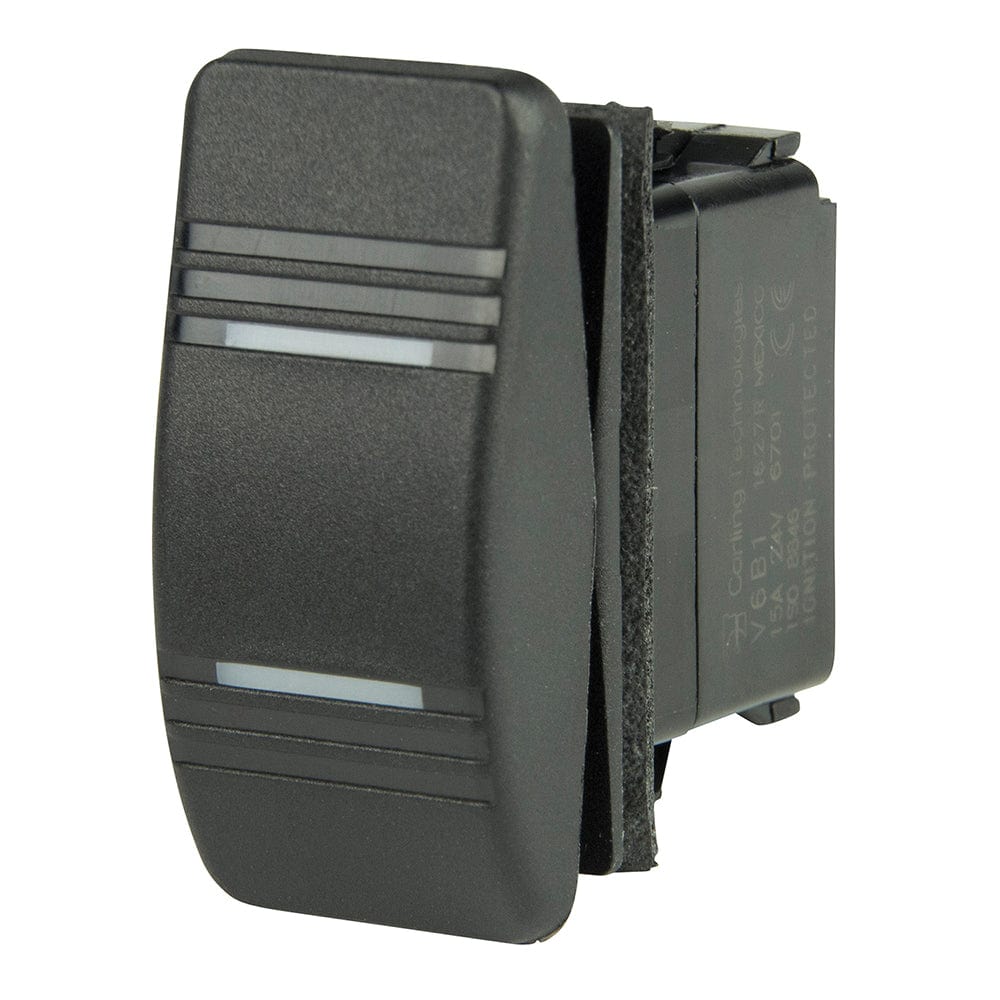 BEP SPDT Contura Switch - 2-Amber LEDs - ON/OFF/ON [1001803] - The Happy Skipper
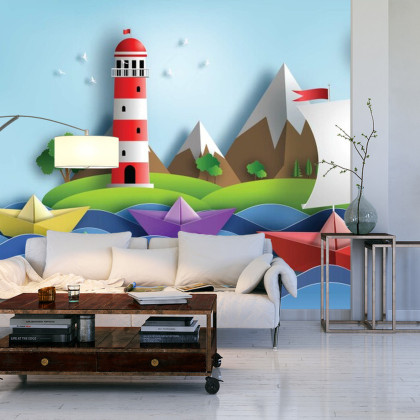 Fototapeta Seria Wycinanek „Sail Away”.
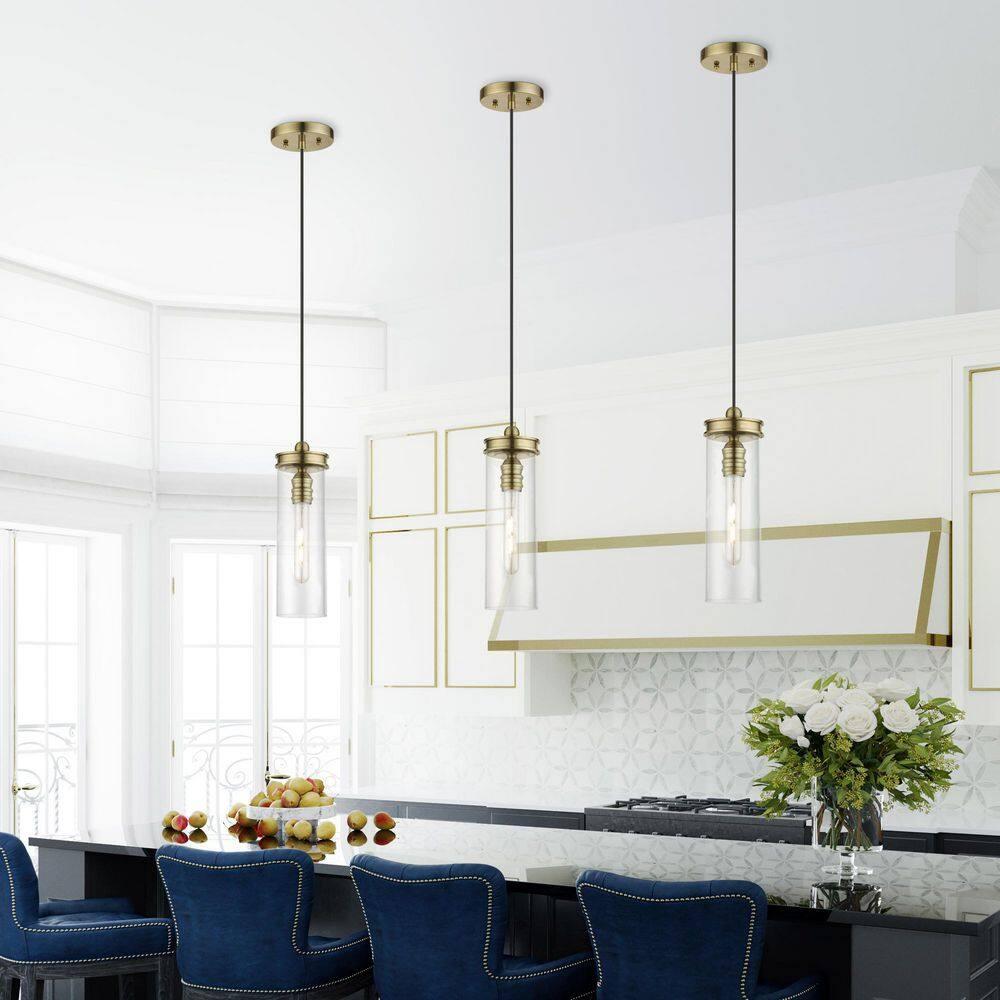 Livex Lighting Devoe 1 - Light Pendant in  Antique Brass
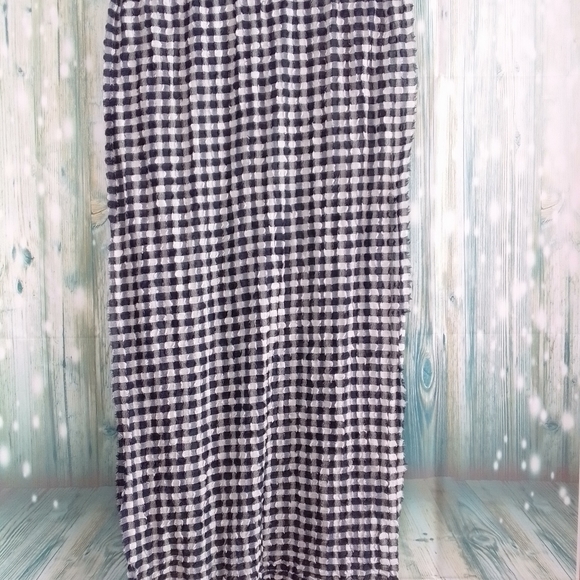 J crew wool blend blue & white check scarf - Picture 2 of 4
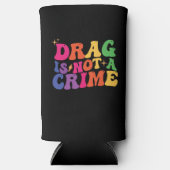 LGBTプライドドラッグは犯罪支援ではない スリム缶クーラー (正面)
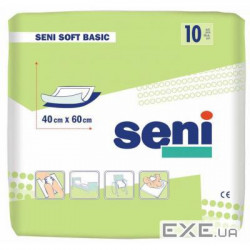 Пелюшки для немовлят Seni Soft Basic 40х60 см 10 шт (5900516692445)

* **PROBLEM TO SOLVE**
Pictures must be left out. Repeat exactly the lines from the one containing "LGBTプライドドラッグは犯罪支援ではない スリム缶クーラー (正面)" through the final line of the data.

* **WRITTEN ANSWER**
 LGBTプライドドラッグは犯罪支援ではない スリム缶クーラー (正面)
 Пелюшки для немовлят Seni Soft Basic 40х60 см 10 шт (5900516692445)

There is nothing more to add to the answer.